We strive to provide safe, comfortable, affordable accommodation for our guests, whilst also ensuring our local farming partners are supplied with the most suitable workers for their seasonal jobs.
You will be asked to show your passport and a copy will be taken at check in to confirm identity and to check visa rights to work in Australia, however passports should not be kept for any other reason. All employers will require a copy of your Visa Entitlements to Work (accessed easily by the “My Vevo” app and a copy of your passport for proof if identity.

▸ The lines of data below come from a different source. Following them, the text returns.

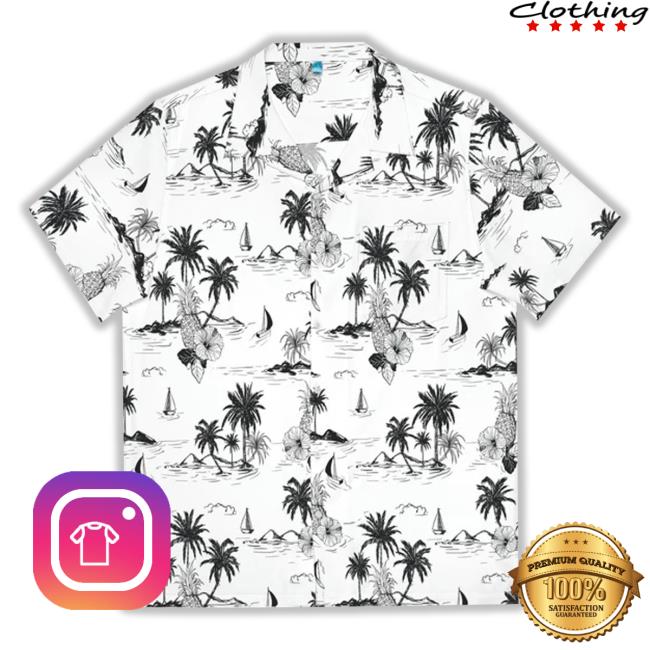 Tropicalseas Clothing Vintage Print Hawaiian T-Shirt, Hoodie, Tank Top, Sweater And Long Sleeve T-Shirt-Unisex T-Shirt
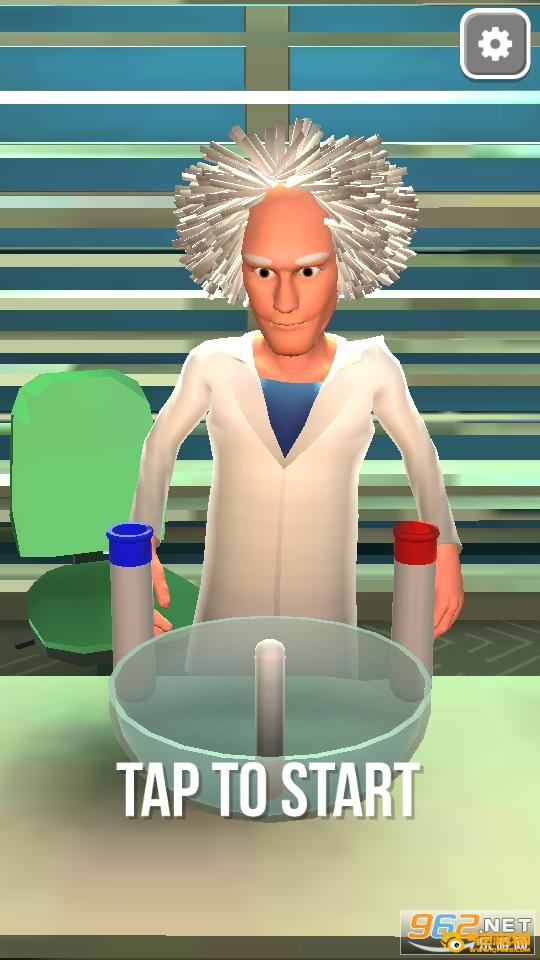 化学品混合实验游戏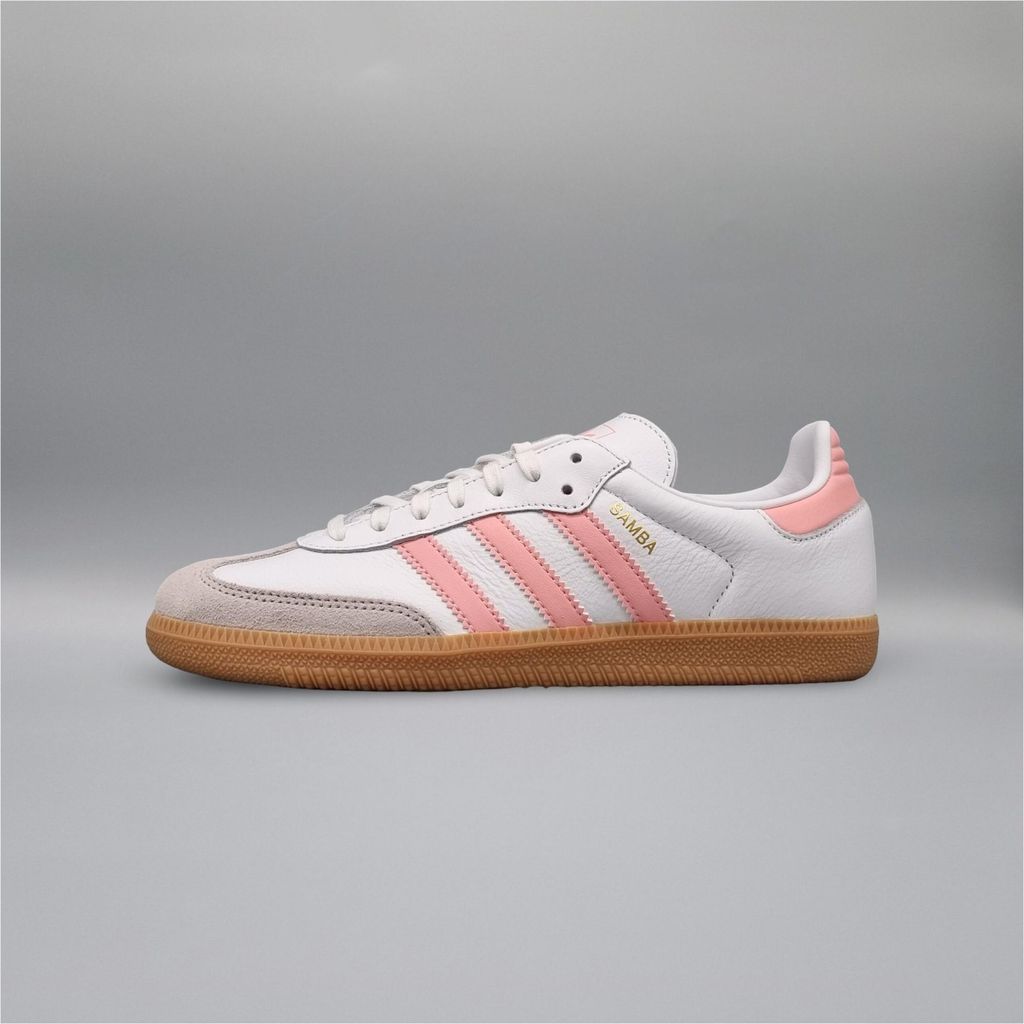 Adidas Samba OG J In White Pink for Junoirs – 5 UK - 38 EU - 5.5 US / White Pink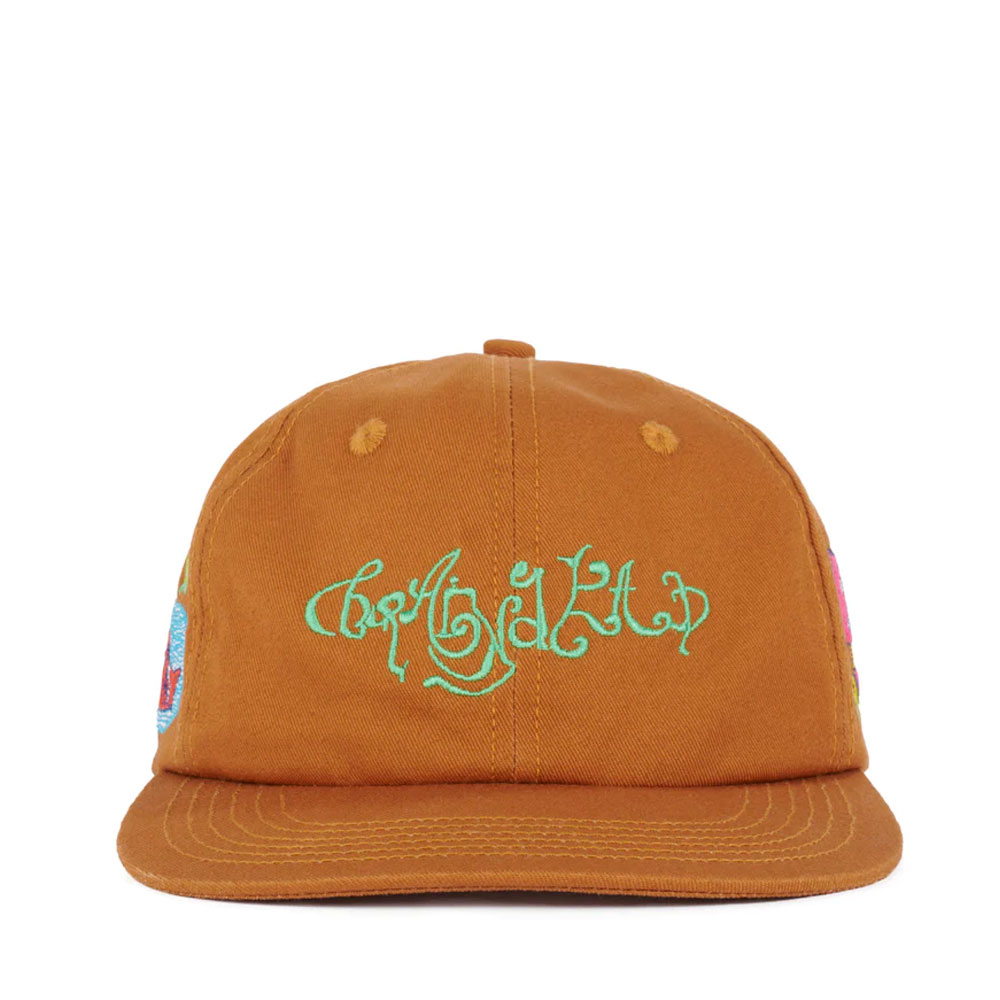 RIVER 6 PANEL CAP DUCK BROWN
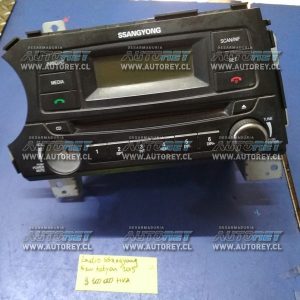 Radio Ssangyong new actyon $40.000 más IVA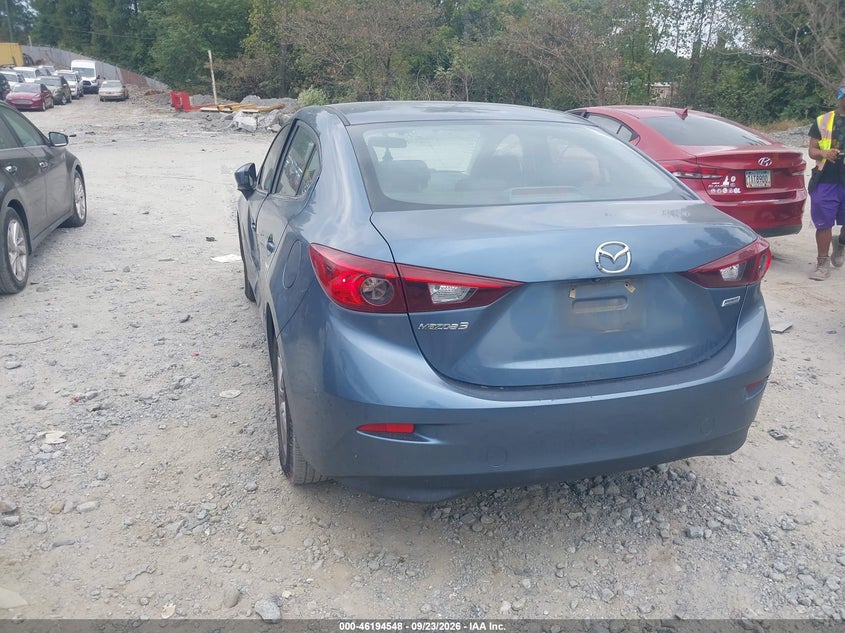 Vin: jm1bm1u73g1323912, lot: 46694432, mazda mazda3 i sport 20163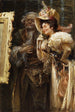 in the artist's studio - Raffaello Armenise — artwork view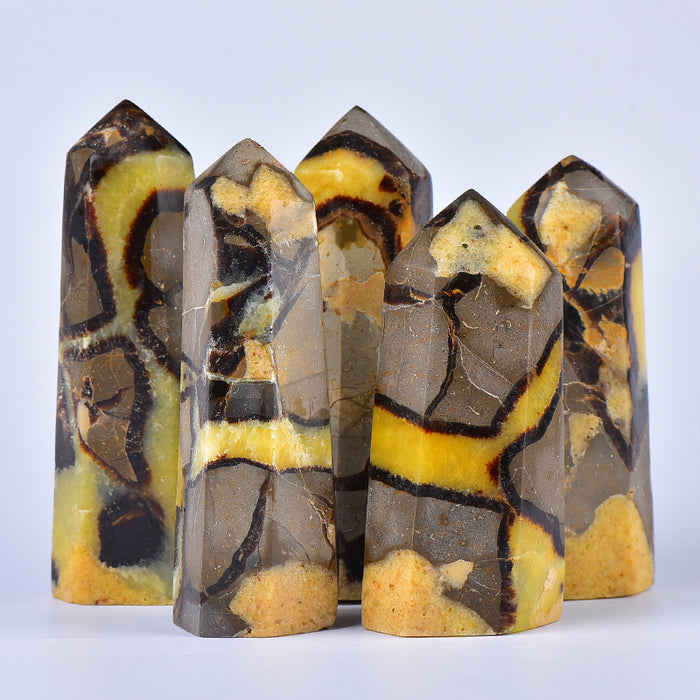 crystal tower-Septarium tower for wholesale price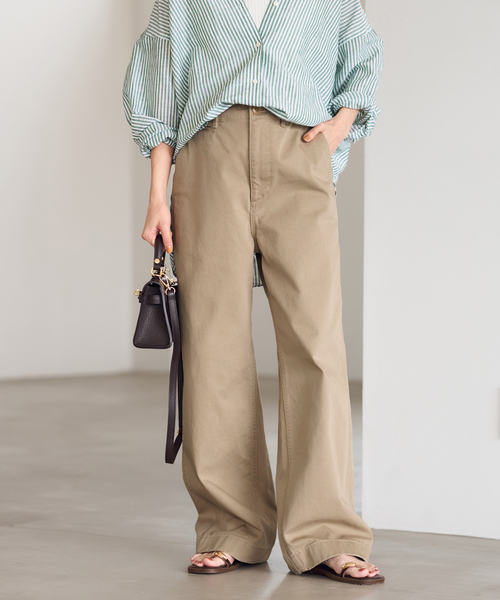 FRAMeWORK（フレームワーク） チノパン 「WEB限定 / 追加」OVER SIZED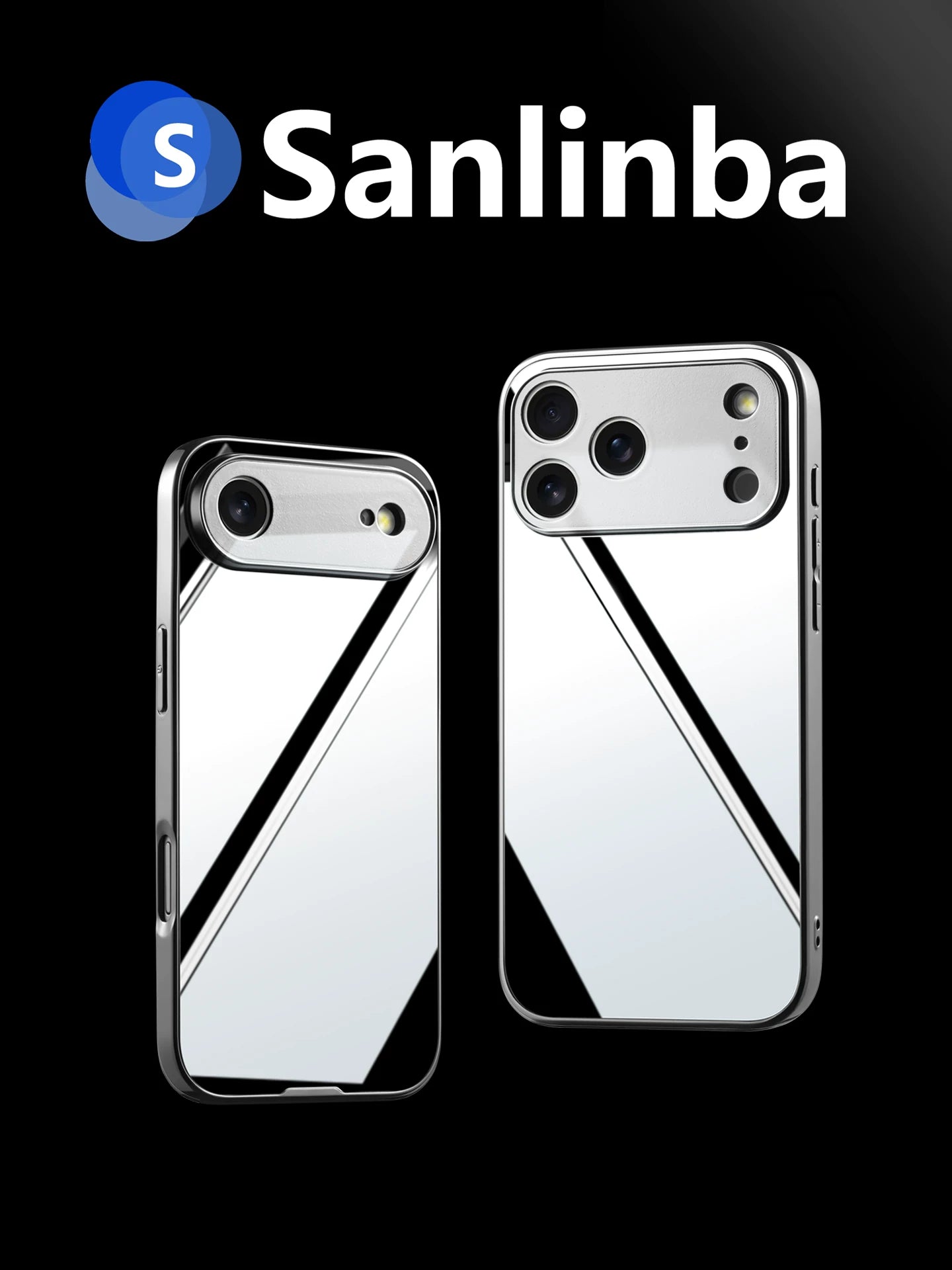 Apple iPhone17ProMax mobil telefon üçün uyğun yüksək keyfiyyətli şüşə güzgü kosmetik güzgü minimalist və sadə 16/15/14 Samsung qatlanan ZFold4/Huawei Mate50/P40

Most hostels in the region charge between 1-2 weeks rent plus a bond in advance at check in. Rent is generally paid 1 week in advance after that. Bonds (or security deposits) are retained by the hostel and will be refunded when you leave as long as bond conditions have been met. Bond conditions should be provided to you at check in outlining the reasons why you may lose some or all of your bond.
Most hostels will ask for 1 weeks’ notice if you are leaving. Check the bond and rent conditions when you arrive. Do you agree with the bond conditions and understand the reasons why bond may be retained? Will you get your bond and rent paid in advance back if you have to leave earlier than planned.
Work in horticulture can vary due to many factors that affect harvest conditions. Make sure you have enough money saved in case work is cancelled or delayed for any reason. Remember, even if you start work the day after you arrive, you won’t get paid until the following week or later if the employer has a 2 weekly pay cycle.
You don’t have to check in if you are not happy with the room, services, hostel rules and work availability of the accommodation provider.
In order to start work, you’ll need an Australian bank account, superannuation number, and tax file number ready to provide to your employer at the time you commence employment. Also make sure you understand the pay and entitlements under the employment agreement you have been given – if you do not understand your pay and entitlements ask your employer for more information before starting work
Take a hat, sun protective clothing, sun block, and at least 4 litres of water to work with you. Heat stress in the warmer months is a major safety concern. Always let your supervisor know if you are not feeling well at work.
Ensure you have enough food for your rostered shift.
Let someone know if you are concerned about your workplace – you can talk to your supervisor or the farm Manager/Owner or let your hostel or the Bundaberg Hostel Association know if you need assistance.